For the purpose of comparison we will use the `RMSLE` score. Notice how drastically a few of the algorithms (mostly linear) have improved after we performed a few pre-processing steps in `setup()`. 
- Linear Regression RMSLE improved from `0.7215` to `0.0958`
- Random Sample Consensus RMSLE improved from `0.5725` to `0.0957`
- Support Vector Machine RMSLE improved from `0.7137` to `0.0866`

At this point you should also notice that while the transformations have improved the performance for several linear algorithms, it has also adversely affected the performance of tree based algorithms (to a lesser extent). For example the RMSLE of Random Forest has decreased to `0.0909` from `0.0818` in __[Regression Tutorial (REG101) - Level Beginner](https://github.com/pycaret/pycaret/blob/master/Tutorials/Regression%20Tutorial%20Level%20Beginner%20-%20REG101.ipynb)__. It is important that you build an intuition as you go along in your machine learning journey to know what effects different pre-processing methods are likely to have on different types of models.

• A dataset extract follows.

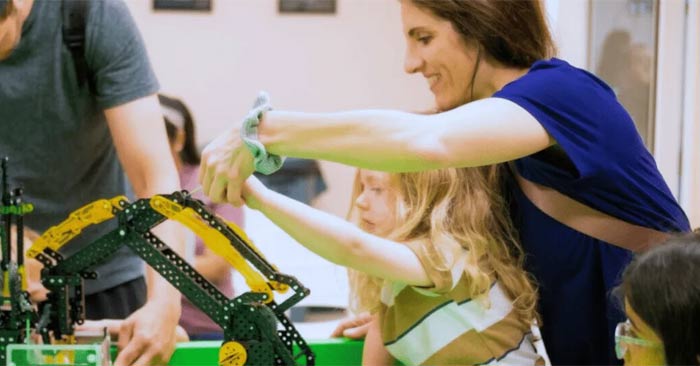 Nuôi dưỡng tình yêu kỹ thuật cho trẻ em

To see results for all of the models from the previous tutorial refer to Section 7 in __[Regression Tutorial (REG101) - Level Beginner](https://github.com/pycaret/pycaret/blob/master/Tutorials/Regression%20Tutorial%20Level%20Beginner%20-%20REG101.ipynb)__.

# 7.0 Create a Model

In the previous tutorial __[Regression (REG101) - Level Beginner](https://github.com/pycaret/pycaret/blob/master/Tutorials/Regression%20Tutorial%20Level%20Beginner%20-%20REG101.ipynb)__ we learned how to create a model using the `create_model()` function. Now we will learn about a few other parameters that may come in handy. In this section, we will create all the models using 5-fold cross validation. Notice how the `fold` parameter is passed inside `create_model()` to achieve this.

### 7.1 Create Model (change fold to 5)

In [7]:
dt = create_model('dt', fold = 5)

Unnamed: 0,MAE,MSE,RMSE,R2,RMSLE,MAPE
0,1022.2892,5372470.0,2317.8589,0.9515,0.1091,0.0785
1,979.3522,3747603.0,1935.8727,0.9625,0.1058,0.0772
2,952.2433,4448655.0,2109.1835,0.955,0.1079,0.0771
3,941.3846,3010308.0,1735.0238,0.9676,0.1028,0.0759
4,1072.631,6859900.0,2619.1411,0.9337,0.1122,0.0809
Mean,993.58,4687787.0,2143.416,0.9541,0.1076,0.0779
SD,48.3917,1337306.0,305.8676,0.0116,0.0031,0.0017


### 7.2 Create Model (round to 2 decimals points)

In [8]:
dt = create_model('dt', fold = 5, round = 2)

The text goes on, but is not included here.